- What is required
Write out every entry again exactly as it stands.

[Short descriptive text snippets]
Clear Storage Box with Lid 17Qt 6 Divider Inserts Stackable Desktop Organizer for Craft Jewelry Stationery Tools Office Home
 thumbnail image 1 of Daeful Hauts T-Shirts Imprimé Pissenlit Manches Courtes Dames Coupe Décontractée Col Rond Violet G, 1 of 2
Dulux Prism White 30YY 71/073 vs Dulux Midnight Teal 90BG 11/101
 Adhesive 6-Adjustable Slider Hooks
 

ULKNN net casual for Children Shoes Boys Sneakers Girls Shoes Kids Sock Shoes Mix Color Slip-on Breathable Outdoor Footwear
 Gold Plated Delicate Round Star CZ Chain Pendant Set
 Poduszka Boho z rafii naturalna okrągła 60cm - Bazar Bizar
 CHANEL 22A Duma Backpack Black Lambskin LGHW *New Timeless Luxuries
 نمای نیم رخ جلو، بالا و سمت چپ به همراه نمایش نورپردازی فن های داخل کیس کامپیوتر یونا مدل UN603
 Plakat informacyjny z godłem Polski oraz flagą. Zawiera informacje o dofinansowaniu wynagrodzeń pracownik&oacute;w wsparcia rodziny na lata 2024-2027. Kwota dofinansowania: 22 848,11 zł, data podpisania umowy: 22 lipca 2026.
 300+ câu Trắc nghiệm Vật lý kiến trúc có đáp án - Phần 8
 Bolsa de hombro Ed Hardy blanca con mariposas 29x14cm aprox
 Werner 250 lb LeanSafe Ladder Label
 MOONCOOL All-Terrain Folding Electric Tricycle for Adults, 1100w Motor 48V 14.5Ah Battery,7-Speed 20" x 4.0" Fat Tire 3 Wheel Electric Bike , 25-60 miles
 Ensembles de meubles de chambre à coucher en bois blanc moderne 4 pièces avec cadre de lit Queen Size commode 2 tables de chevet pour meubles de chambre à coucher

- Task answer
Clear Storage Box with Lid 17Qt 6 Divider Inserts Stackable Desktop Organizer for Craft Jewelry Stationery Tools Office Home
 thumbnail image 1 of Daeful Hauts T-Shirts Imprimé Pissenlit Manches Courtes Dames Coupe Décontractée Col Rond Violet G, 1 of 2
Dulux Prism White 30YY 71/073 vs Dulux Midnight Teal 90BG 11/101
 Adhesive 6-Adjustable Slider Hooks
 

ULKNN net casual for Children Shoes Boys Sneakers Girls Shoes Kids Sock Shoes Mix Color Slip-on Breathable Outdoor Footwear
 Gold Plated Delicate Round Star CZ Chain Pendant Set
 Poduszka Boho z rafii naturalna okrągła 60cm - Bazar Bizar
 CHANEL 22A Duma Backpack Black Lambskin LGHW *New Timeless Luxuries
 نمای نیم رخ جلو، بالا و سمت چپ به همراه نمایش نورپردازی فن های داخل کیس کامپیوتر یونا مدل UN603
 Plakat informacyjny z godłem Polski oraz flagą. Zawiera informacje o dofinansowaniu wynagrodzeń pracownik&oacute;w wsparcia rodziny na lata 2024-2027. Kwota dofinansowania: 22 848,11 zł, data podpisania umowy: 22 lipca 2026.
 300+ câu Trắc nghiệm Vật lý kiến trúc có đáp án - Phần 8
 Bolsa de hombro Ed Hardy blanca con mariposas 29x14cm aprox
 Werner 250 lb LeanSafe Ladder Label
 MOONCOOL All-Terrain Folding Electric Tricycle for Adults, 1100w Motor 48V 14.5Ah Battery,7-Speed 20" x 4.0" Fat Tire 3 Wheel Electric Bike , 25-60 miles
 Ensembles de meubles de chambre à coucher en bois blanc moderne 4 pièces avec cadre de lit Queen Size commode 2 tables de chevet pour meubles de chambre à coucher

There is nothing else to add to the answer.